Whilst we had been roaming Sarah Island, the on board crew had been busy.
The long buffet counter was laden with cold meats, cheeses, and fruits.
The salad bar was equally adorned.
I had decided to have a 'dry' day, but Liz had no intention of disappointing the bar staff with a non-appearance.
Cheers!
.
This was a buffet luncheon to write home about. After the first frenetic feeding frenzy along the food bar, and all the human gannets (it's inevitable that there will be some in groups like this) had settled back in their seats, more and more platters were brought out. I had been politely circumspect in my first foray, but now the gloves were off.
As we took our last look at the 'mystery' ruins,
.
and watched a group of kayakers enjoying a paddle on the serene waters of the harbour (one of whom was much smarter than his companions...no wonder he was in front!)
the crew made it very clear that nothing was to be left on the buffet platters. Ever the polite guest, who was I to refuse? I took full advantage of this largess.
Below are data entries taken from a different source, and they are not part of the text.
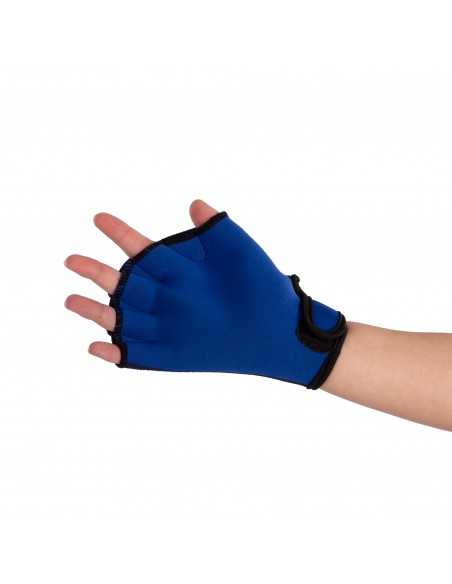 Par de guantes membrana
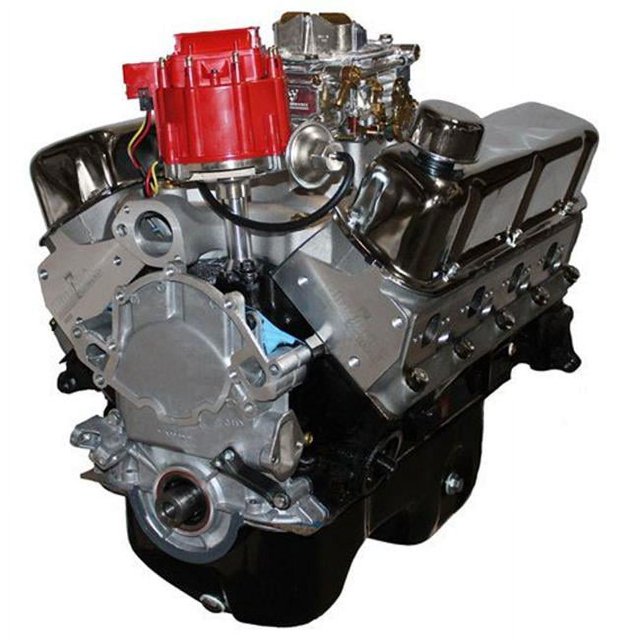 Blueprint Engines BP3474CTC Crate Engine - SBF 347 400HP Dressed Model ...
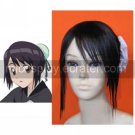 Bleach 5th Division Lieutenant Hinamori Momo Cosplay wig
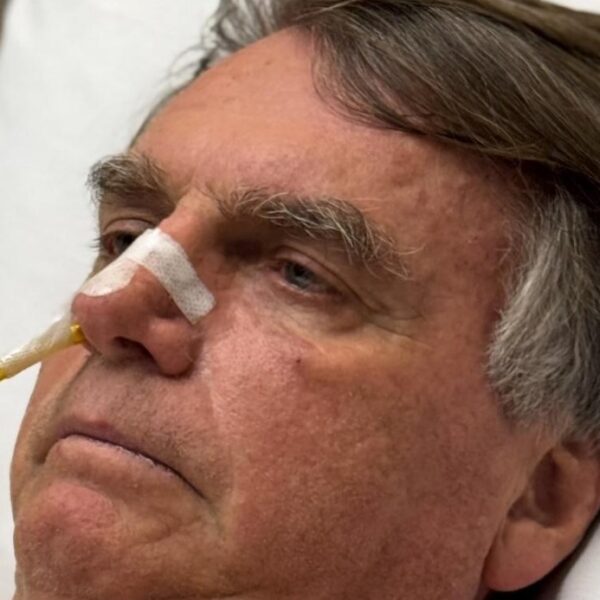 bolsonaro no hospital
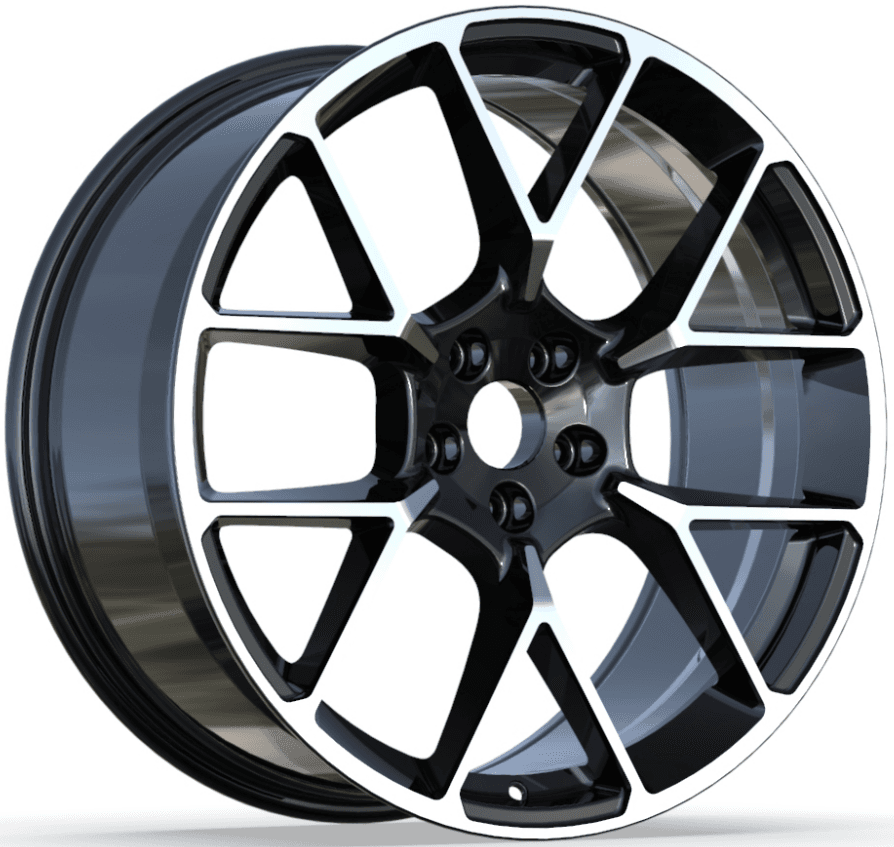 H3585F-CAST alloy wheel
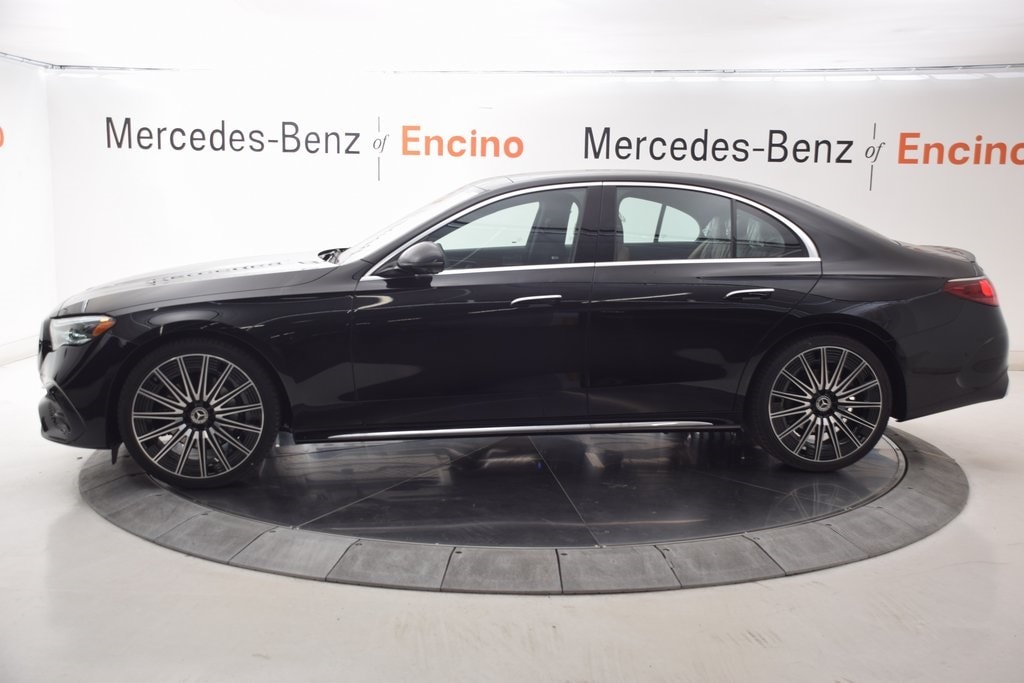 New 2026 Mercedes-Benz E-Class E 350 Sedan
This was a luncheon to be remembered and a real credit to the folk of 'World Heritage Cruises'.
We were still munching as we finally entered the famous Gordon River,
where the deep cold waters of this well know waterway flow past densely timbered banks.
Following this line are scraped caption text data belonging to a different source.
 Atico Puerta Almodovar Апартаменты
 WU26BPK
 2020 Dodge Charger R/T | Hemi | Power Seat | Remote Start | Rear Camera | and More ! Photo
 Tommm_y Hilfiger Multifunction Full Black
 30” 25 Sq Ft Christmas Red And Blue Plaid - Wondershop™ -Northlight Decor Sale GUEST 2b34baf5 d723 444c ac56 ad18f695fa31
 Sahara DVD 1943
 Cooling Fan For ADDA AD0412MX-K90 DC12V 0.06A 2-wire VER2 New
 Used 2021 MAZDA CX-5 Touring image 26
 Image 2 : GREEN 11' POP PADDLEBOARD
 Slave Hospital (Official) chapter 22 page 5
Our run up the Gordon to the heritage landing was not long, and as we made our way through a few of the river bends I could not help but reflect on the almost impossible task of bashing through this dense bush as some escaping Sarah Island had done. And then there were the 'piners' ......what a place this is and what a hardy lot they were.
Scenically striking as it may be on the water, the Gordon from the air is nothing sort of spectacular as is evidenced by this shot included courtesy of 'laurie ford images'
and this from 'viator'.
Some 12 miles or so upstream brought us to the landing where a well constructed walkway provided access to the forests on the bank.
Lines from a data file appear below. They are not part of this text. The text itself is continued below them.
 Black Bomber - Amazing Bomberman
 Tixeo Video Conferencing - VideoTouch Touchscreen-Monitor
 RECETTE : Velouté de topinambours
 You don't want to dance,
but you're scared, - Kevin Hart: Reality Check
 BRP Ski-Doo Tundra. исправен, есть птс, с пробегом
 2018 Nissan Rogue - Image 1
Here again, those who wished to do so gathered whilst a crew member presented a wide ranging and very well informed talk about the various timers of this forest region, pointing out Huon pine, leatherwood, sassafras and other important species.
We stuck it out for a while, but soon discovered we already knew most of what he was speaking about, so we took off on a jaunt through the bush, to again be reminded of just how thickly this cool climate rain forest grows
I could not let pass the opportunity to photograph one specimen of that most incredible of timbers, the Huon,
before my attention was drawn to another example of what can be seen often in these environments,
fungi of almost limitless varieties of shapes and sizes.
After a sojourn here of some thirty minutes or so, we were recalled on board for the return trip,
during which I was amazed to see odd little riverside landings
at various spots along the way.
The question for me was, how on earth did they get there? I could only assume the materials were brought upstream by boat. The bush beyond the banks was an all but an impenetrable jungle. One thing was certain, though......once here and rafted up, isolation would be assured.
On this leg of the trip passengers were invited to join the skipper on the bridge if that was their fancy. It was certainly mine.
Once the initial crowd thinned a little I was able to get a good look at the chart plotters, the various engine instruments
and watch as his nibs navigated with the use of the tiny little joystick you can see here centre shot.
By the time we had left the river and sailed on out into Macquarie Harbour once again, the afternoon breeze was beginning to ruffle the surface. The mirror like calm of the morning was a thing of the past for today, but these ripples did nothing to disturb the smooth passage of our big Red boat.
The jagged ridges of the mountains were a hazy blue in the distance as we steamed steadfastly on
until the Strahan docks were again immediately ahead of us. In short order we were alongside and securely moored.
This had been a truly wonderful day. Perfect weather, impressive scenery, a very comfortable cruise boat, a most excellent luncheon, and a first class commentary which made sense of everything we were shown. Hells Gates and Sarah Island had both been high on my bucket list.....they were now ticked off.